そしてアンコールっぽく最後に歌われたのはアレサ・フランクリンの「Respect」。後ろのほうまでぎっしりの客たちの熱気もビンビン伝わってくる。4人とも、初のフジロックでやりきった、全部出せたという充実感でいっぱいになったに違いない。そして何よりこの体験が4人の未来に繋がることは間違いない。いつか彼らのライブをヘブンで、あるいはホワイトで観ることができたら……。それも夢ではないと、そう思えたフジロック・デビューライブだった。
ホワイトへと上がってTOMORAを。そこに着いたときには既に人が溢れている状態だったが、少しでも前のほうで観たかったので人をかきわけて真ん中あたりまで進んで観た。The Chemical Brothers の Tom Rowlands(トム・ローランズ)とノルウェーの歌姫 AURORA(オーロラ)によるプロジェクトで、ライブではAURORAの長年のツアー・メンバーとしてコーラス(ときには鍵盤も)を担当しているAmalieも参加。Tomがバキバキのエレクトロ・ダンス音を出し、AURORAとAmalieが揃いのダンスをしながら歌うという形だ。コーチェラ配信を2週とも見ていたので、どういう内容のライブになるかはわかっていたが、やはり配信で見るのとナマで観るのとでは大違い。観る、というより、そのケミカル・サウンドを直にくらい、同時にケミカルのそれの延長線上にある映像のパワーをくらい、そしてAURORAの伸びやかな歌声をくらうという、そういう体験。そう、それは体験そのものなのだ。
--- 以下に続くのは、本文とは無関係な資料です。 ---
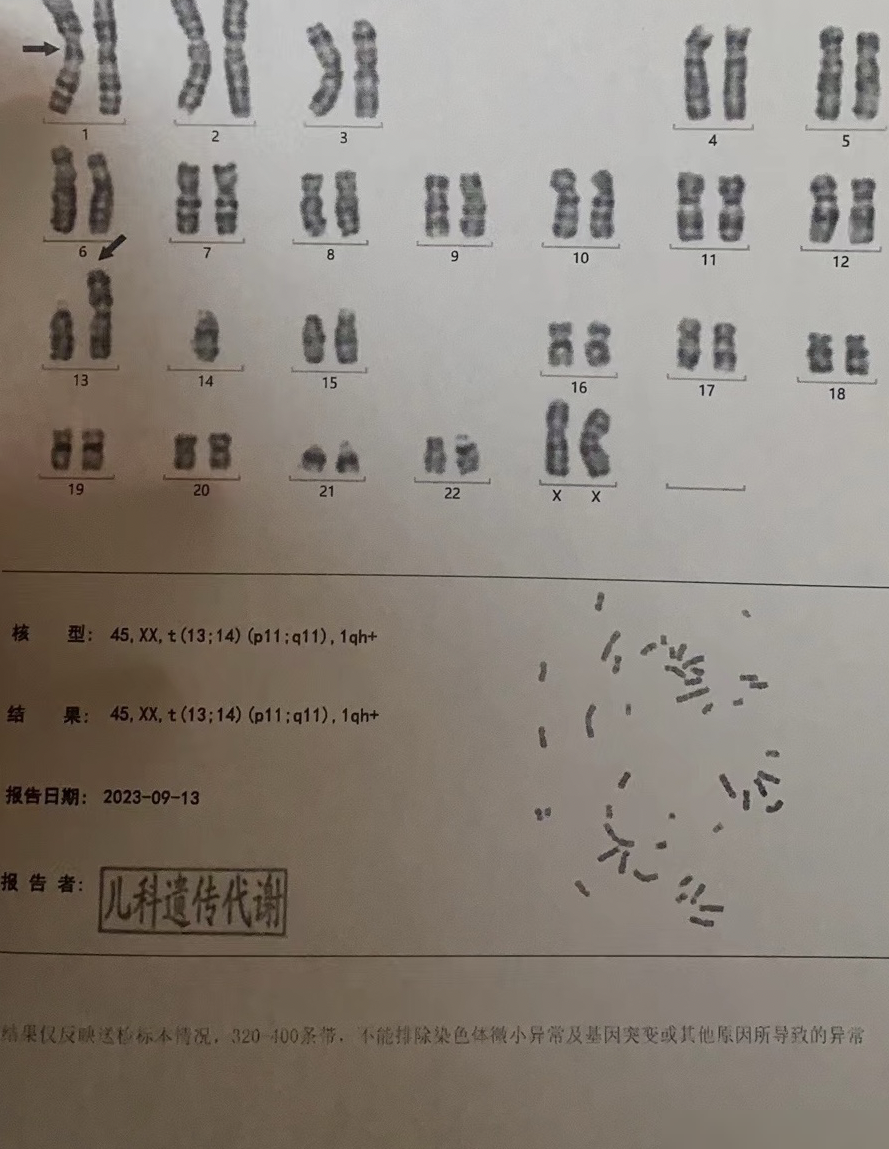 染色体45,XX,t(13;14)解析
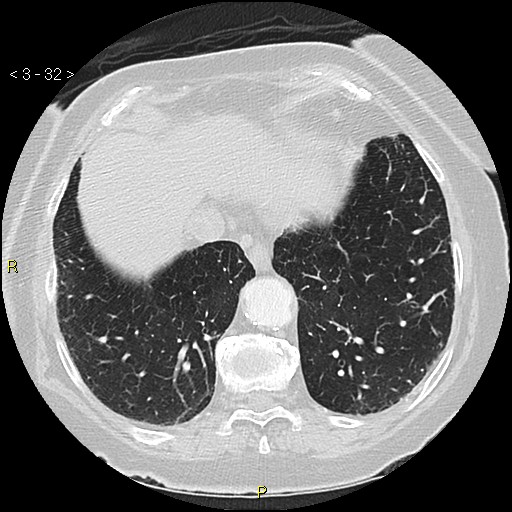File:Bronchogenic carcinoma as an incidental finding (Radiopaedia 16453-16130 Axial lung window 32).jpg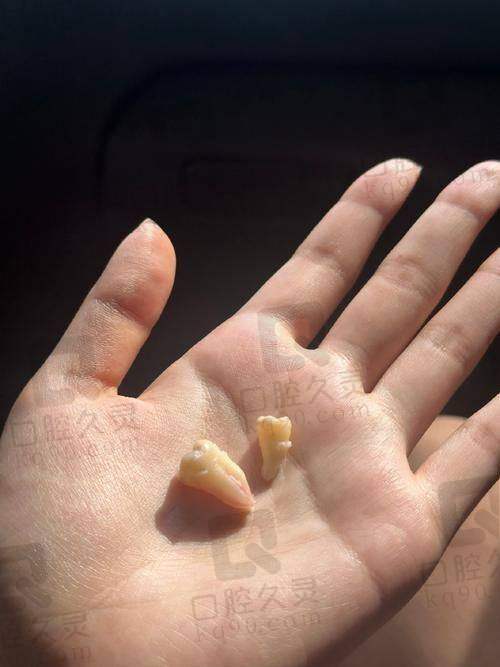 西安双宝口腔医院上颌智齿拔除项目优势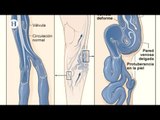 Riesgos y peligros que provocan las varices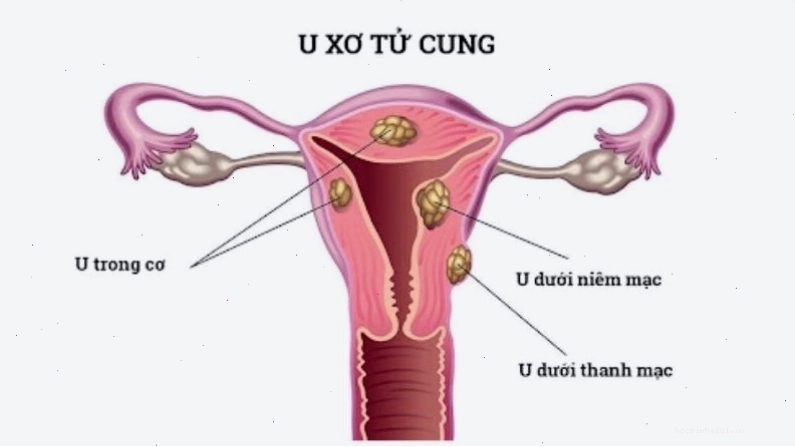 U xơ tử cung có thể gây đau bụng kinh dữ dội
AURORAは自身の単独公演でもよく口にする言葉……「あなたたちはそのままで完璧です」とここでも言っていたが、音に身を任せて踊り倒しながら、その言葉は耳からカラダの奥のほうにまで浸透していった。そしてまた、彼女がフジロックでこんなにも歓迎されていることがものすごく嬉しくもあった。自分は2019年の初来日公演からAURORAを観ているが、その後ライブアーティストとしてめきめき力をつけ、遂に一昨年サマソニで大勢の観客の前でパフォーマンスしたときには“ここまできたか”という感慨があった。去年は東京ガーデンシアターでの素晴らしい単独公演があり、それからTOMORAが始動して今回のフジロック。そうした積み重ねもあり、だからホワイトステージが超満杯になって、終演後にたくさんの人たちが「最高だったね」「AURORAちゃん、かわいかったね」と言っていたことが本当に感慨深かったのだ。

そのTOMORAのTOM ROWLANDSが苗場食堂で急遽DJをするという情報がSNSに流れてきたのを見たのは、TOMORAを観るためホワイトへと向かう道の途中だった。ならば観るしかない。そう思ってTOMORAが終わるとすぐ苗場食堂へと戻る。既にかなりの人だかりで、ステージが見える状態ではなかったが、本当にTOMのDJがそこで始まった。一番大きなグリーンステージに度々出演しているケミカル・ブラザーズのひとりが苗場食堂でDJをしているのだから、当然そこに集まった人々は初めから盛り上がりまくり。しかも彼はケミカルの曲を畳みかける。ケミカルのライブとの違いはそこに映像があるかないかくらいのものだ。

因みに苗場食堂は生演奏のステージであり、DJがそこに立つのは初めてのこと。機材を運ぶだけでも大変だったようだ。しばらくそこにいたが、レッドマーキーではKELLY LEE OWENS(ケリー・リー・オーウェンス)がDJをしていたので、それも体感しておきたくて移動。KELLY LEE OWENSは、自分は去年スウェーデンのフェス「WAY OUT WEST」で観ていて、それはスピリチュアルで透き通ったボーカルを聴かせもする神聖な「ライブ」だったが、今回はお酒のボトルを片手にゴキゲンな様子で踊りながらDJを。フェスの深夜ってこういうことでしょう? と言わんばかりに彼女はパワフルだった。
その最中、同行者から「SILENT POETS、もうすぐ始まるよ」とLINEが。疲れがかなり足に来ていた時間ではあったが、急ぎ足で会場を出てピラミッドガーデンへと向かった。深夜のピラミッドガーデンは長い1日を締めるのに相応しく、CANDLE JUNE氏によるキャンドルが幻想的にゆらめいてもいる場所。一昨年はその時間のその場所であらかじめ決められた恋人たちへを観て、昨年はYONCEもゲスト出演した賽のライブを観たものだったが、SILENT POETSもまたその時間のその場所に最高に合っていた。内田直之氏がPAを担当し、ダブ的な演奏とTicaのKaori Takedaのボーカルが木々や夜空と溶け合った。やはり深夜のピラミッドガーデンはいい。余韻に浸りながら宿に戻った。この日、会場にいたのは13時間。宿で「何がよかったか」を語らいながら仲間と呑むのもまたフジならではのいい時間で、気がつけば明け方。残るは最終日だけ。